Il volo Milano-Newark (New Jersey) e` stato dirottato a Bangor (Maine) per espellere e
arrestare il signor Ignazio Miliano, accusato di aver "scosso" l'attendente di
volo quando gli fu chiesto di spegnere la sigaretta.
"Da quanto capisco, il Migliano ha appoggiato il braccio sulla stewardess, la
quale probabilmente gli ha chiesto piu` volte di spegnere la sigaretta", ha
detto Norman Kominsky, l'avvocato d'ufficio assegnato al Miliano. "Era arrabbiato
perche` non poteva fumare", ha continuato l'avvocato.
Dopo che il Miliani e` stato cacciato fuori dall'aereo a Bangor, il volo ha continuato
per Newark con il figlio del Miliano a bordo tra i 140 passeggeri.

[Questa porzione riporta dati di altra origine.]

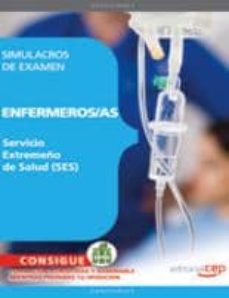 Cronouno.es Enfermero/a Servicio Extremeño De Salud: Simulacros De Examen (4ª Ed) Image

Il Miliano, 47 anni, si e` dichiarato colpevole di assalto ed e` stato condannato a una
multa di $1.000 (1.750.000 lire) piu` un periodo in prigione. Ma nemmeno in prigione il
Miliano potra` fumare, in quanto recentemente cio` e` stato proibito. "E` molto
difficile per lui", dice il suo avvocato, "non parla l'inglese e
nessuno lo capisce. Non lo lasciano fumare in prigione e, chiaramente, e` un fumatore
molto tossicomane".
Benvenuto in America, Signor Miliano, terra della liberta`, moderazione, rispetto, e
giustizia! Siamo sicuri che tornera` presto e dira` a tutti quanto "salutare" e
rilassante e` stata la sua visita in America. I neofascisti americani erano cosi`
preoccupati della sua salute e di quella altrui che l'hanno protetto dai terribili effetti
del fumo persino in galera, senza mancare, naturalmente, di chiamarlo
"tossicomane".
E tra parentesi, congratulazioni. Se un po' pił di nordamericani avessero il coraggio
di difendere i propri diritti che lei ha dimostrato, ci sarebbe assai meno fascismo da
queste parti, nonche` piu` buonsenso e piu` realismo.